Set down, word for word, the line with "used 2016 GMC" and the lines after it through the final line of the data below, without pictures.

::::

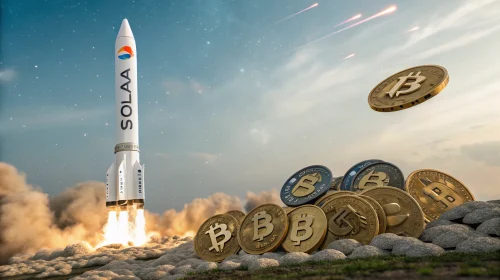 Solana устанавливает новый ценовой максимум вопреки общему рынку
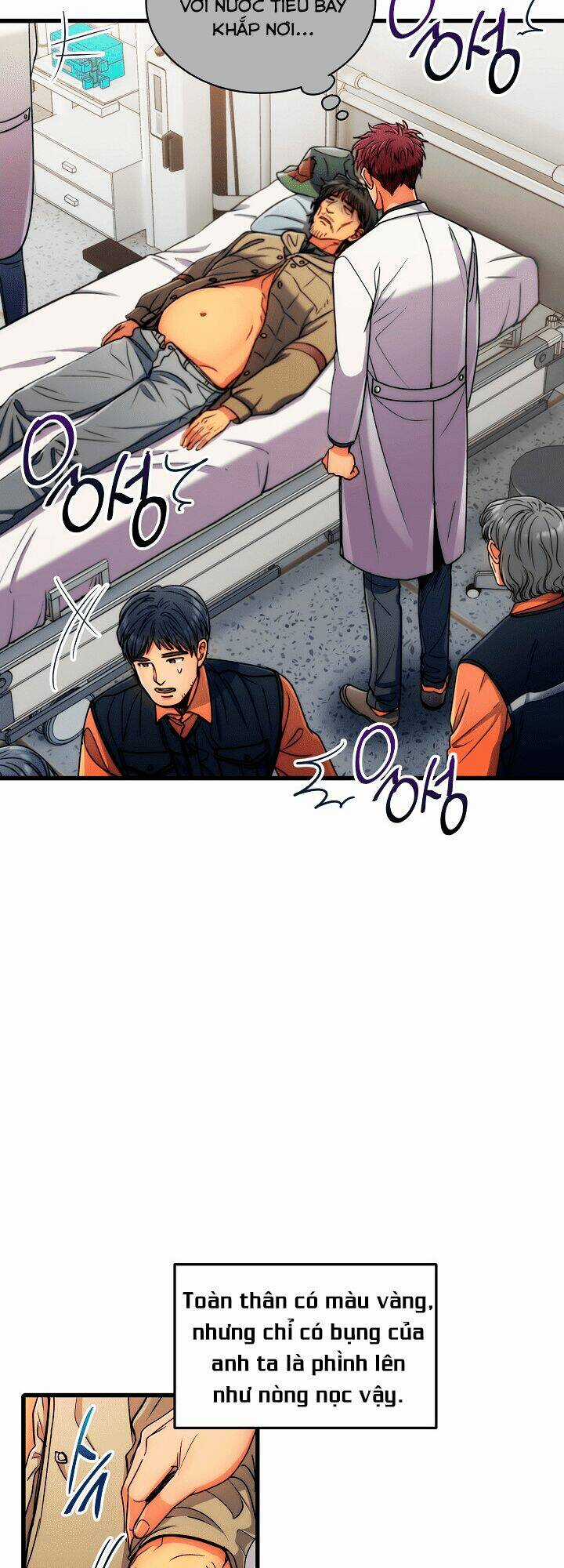 Bác Sĩ Trở Lại Chapter 53 trang 25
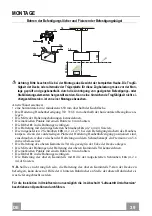 Preview for 39 page of Franke FFC 1005 XS LED0 Instructions For Use And Installation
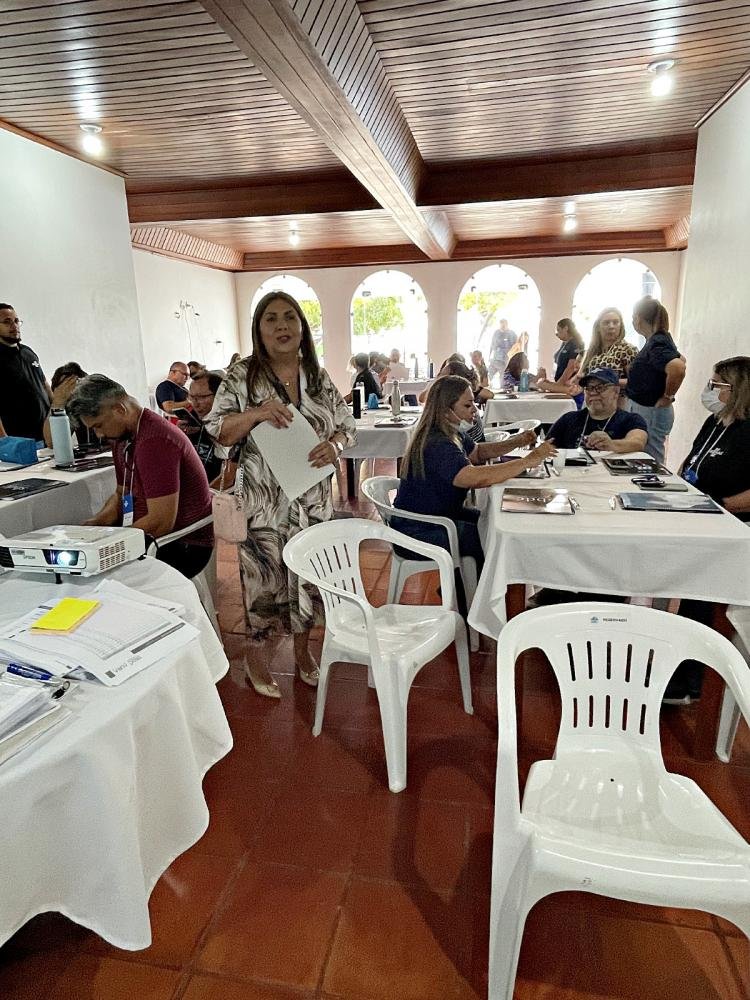 Dirigentes, gerentes e assessores do Sebrae entram em treinamento para alta performance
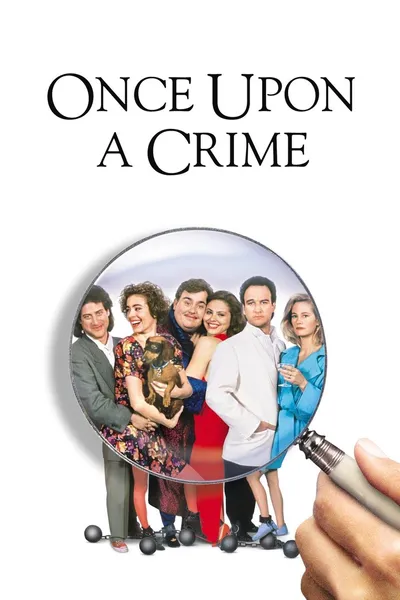 Była sobie zbrodnia / Once Upon a Crime... (1992) MULTI.HDR.2160p.BluRay.DTS.HD.MA.AC3-ChrisVPS / LEKTOR i NAPISY
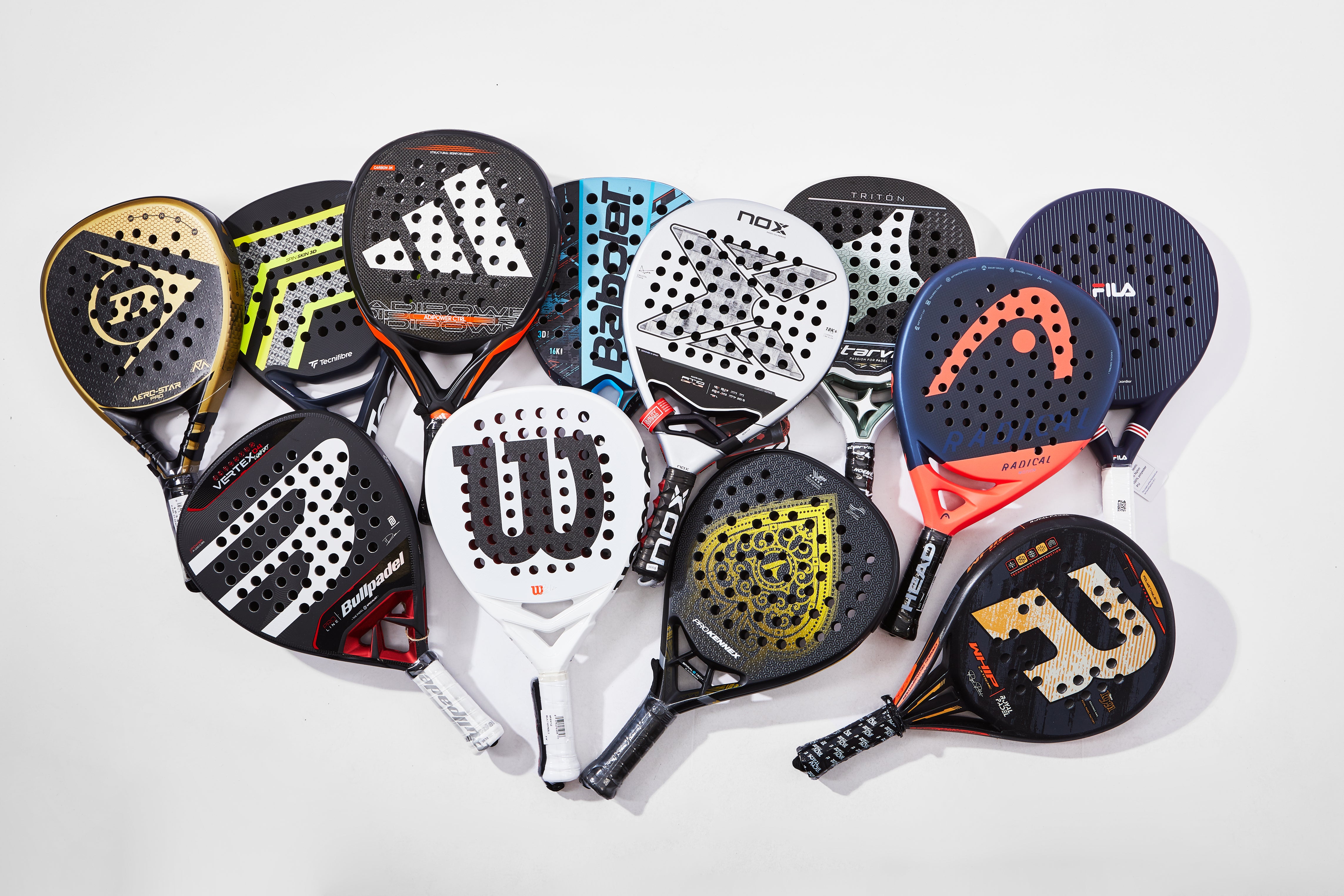 Image of Padel Rackets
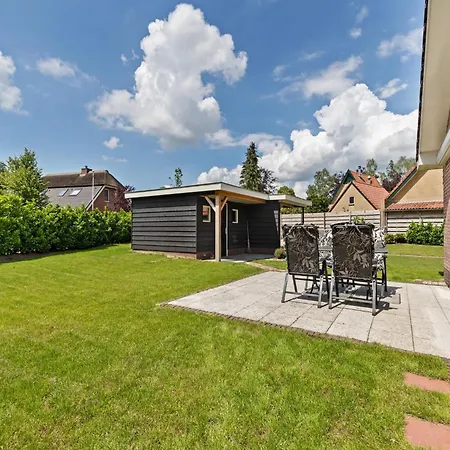 In Near Veluwe Park, Cleaning Included Holiday home Putten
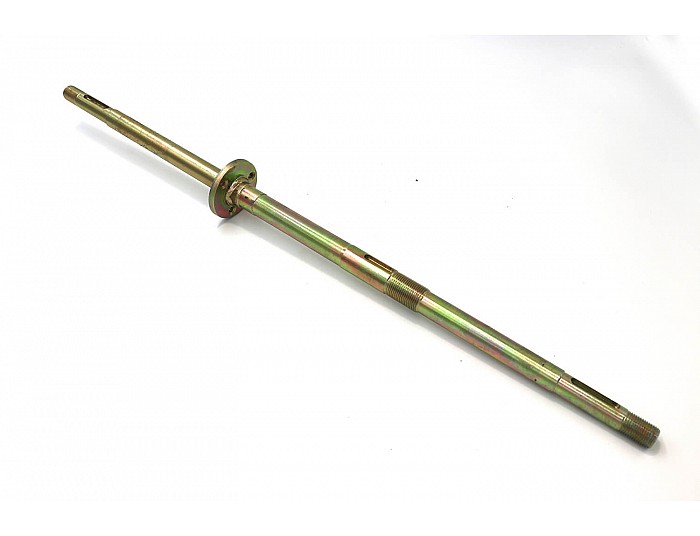 Hinterachse für 49, Elektro Mini Quad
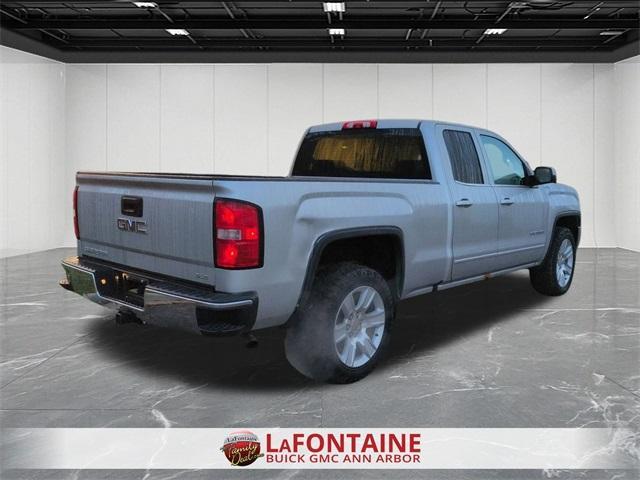 used 2016 GMC Sierra 1500 car, priced at $21,695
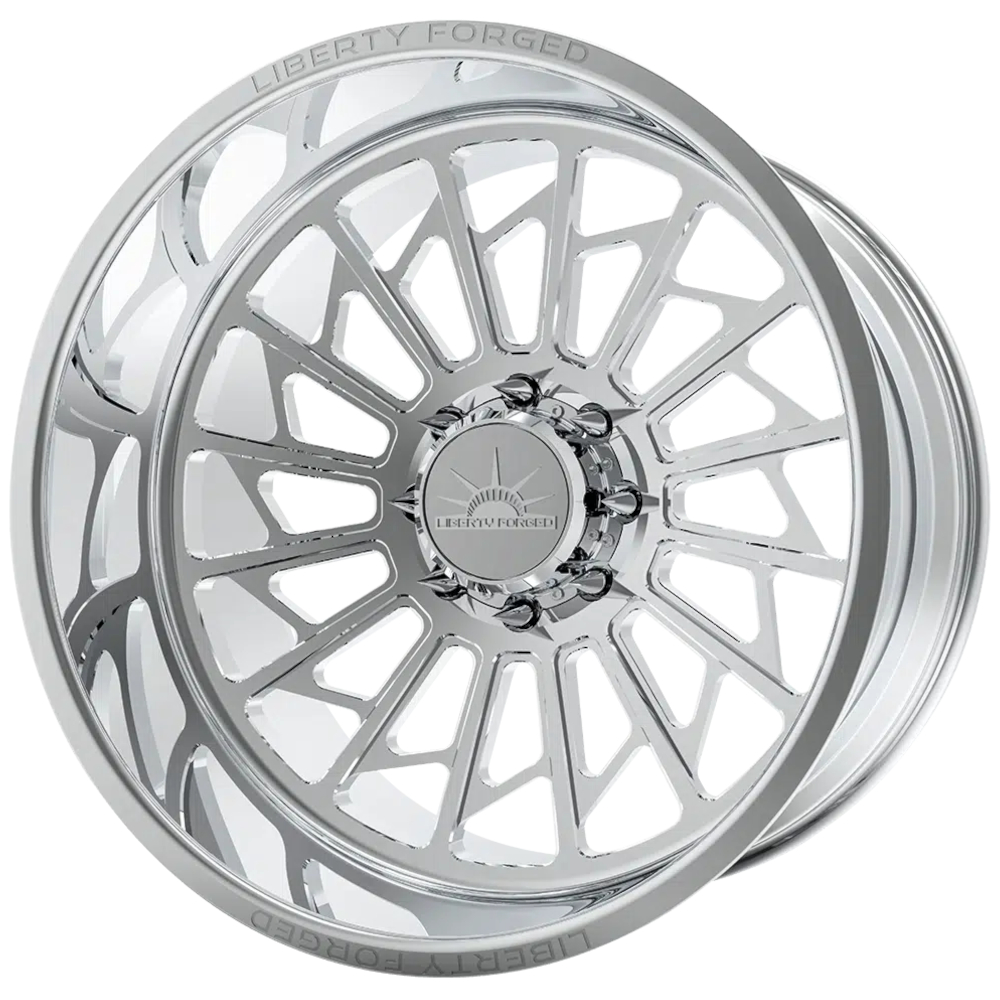 Polished Liberty Forged LBTYC04 Wheels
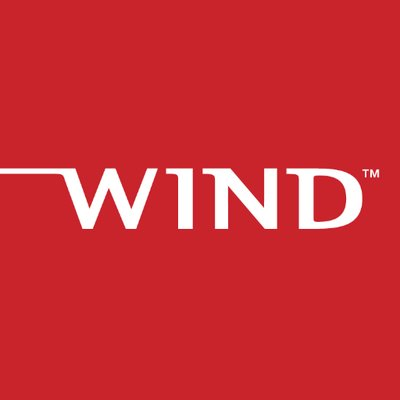Wind River's logo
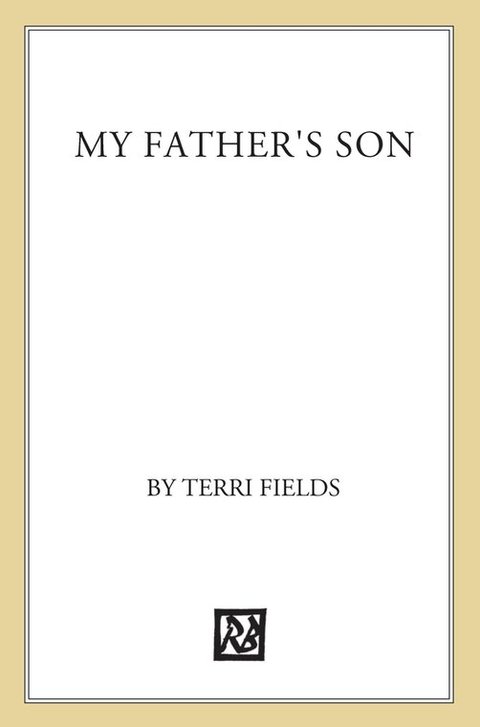 Cover image for book My Father's Son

::::

**ANSWER SECTION**
 used 2016 GMC Sierra 1500 car, priced at $21,695
 Polished Liberty Forged LBTYC04 Wheels
Wind River's logo
 Cover image for book My Father's Son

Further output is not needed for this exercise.